Job searching used to be so simple – you’d write a CV (if you needed one), and then you’d hand it in. Done. Chances were you’d get a job pretty quickly, as there was a lot less competition.

It’s a bit different now, with a bit more competition, but that doesn’t mean that it’s anything to worry about. Yes, just writing a CV simply isn’t enough anymore, but there are still ways of getting jobs that are worth doing – if you’re going to get a job eventually, then why not put some extra effort in?

A lot of people miss out on job opportunities because their CV isn’t actually suitable for the role they are applying for. Job searching becomes a generic process, and generic applications are instantly removed from the pile. To avoid this, you might want to think about creating more than one CV, which can increase your chances of getting into employment. It’s not even that much more effort – you can use the same information from your original CV, but just tweak it a bit. Here’s five reasons as to why having multiple CVs could greatly benefit your job searching.

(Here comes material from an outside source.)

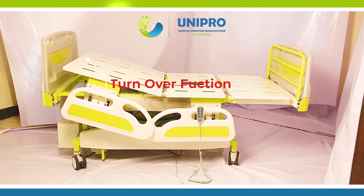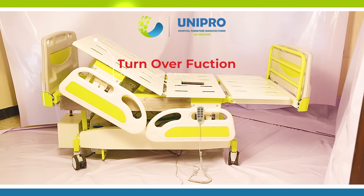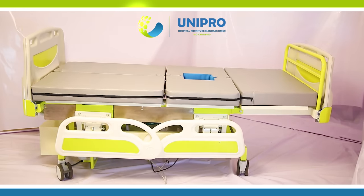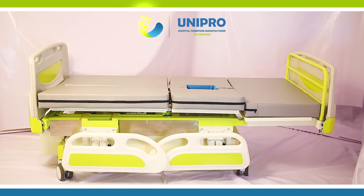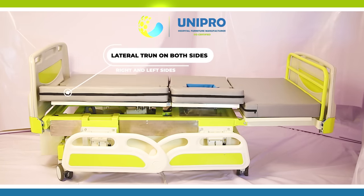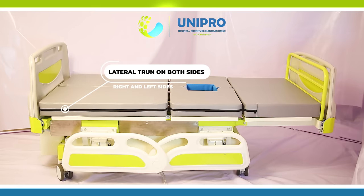Turn Over Function on Back Section up to 85 degrees. Total Court High and Low can be done. Lateral Turn on Both Sides, Right and Left.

You can target different job industries:

Some of us have our hearts set on a specific job, and so it’s okay to have just one CV in this case. However, you might just be looking to get a part-time job, or to get your foot on any ladder that will have you, and so you’re likely to be looking at different sectors. You can’t use the same CV for all of them – it won’t necessarily apply to the industry, and the employer might assume you’re only applying to that industry to just get some money.

To fix this, make a different CV for each industry you’re applying for – write that you want to get into that specific industry on each CV, and adjust your key skills and experience according to what is most useful to that role.

Your CV will always be relevant:

If you send a CV over to a company that isn’t relevant to them, then chances are they will throw it out without even looking at it properly. I can bet that if you job search in a way that saves time (we all do it), then you don’t necessarily look at your CV each time before sending it off. This means that there could potentially be irrelevant or pointless information included. You could be missing out on something really important that otherwise would have got you the job. By tailoring your CV to either the industry, the company, or anything else about the role (such as whether it’s full-time or part-time, or if it’s working with a specific age group), then you know that what you’re sending is what they want to see.

You have a choice between different types of CV:

This is a simple point, but having a choice of CVs really does help your job searching. You won’t have to worry that you’re CV isn’t good enough, because you’ve been able to choose one that you think will get you an interview. It also gives you a bit more freedom with your application – generic job searching does save time, but it’s not the most interesting thing to do, and you’ll quickly find yourself losing passion if you’re not putting your all into job searching.

It’s easier to be specific:

As said before, a generic CV is never a good thing. A specific CV not only helps promote you, but also makes it easier for the employer. Don’t make them waste their time by sifting through meaningless information, as it won’t look good for you. Instead, focus on the important details that they want to read, and tailor it to them to give them an enjoyable recruiting experience. That way, you’re much more likely to impress the employer, and so the chances of an interview will increase.

You can submit multiple CVs if necessary:

Every so often you’ll come across a job that might require multiple CVs. This is more likely in senior executive roles, but it does happen. If you’ve only got one, then you’re automatically less interesting than the people who have two.

It might be that you need to send a CV tailored to your experience for that role, and then another CV that is more focused on your upper management roles. Think about it – a whole wealth of information could be missed out by sending only one of these. Make several, and then you’ve got them to hand whenever you need them.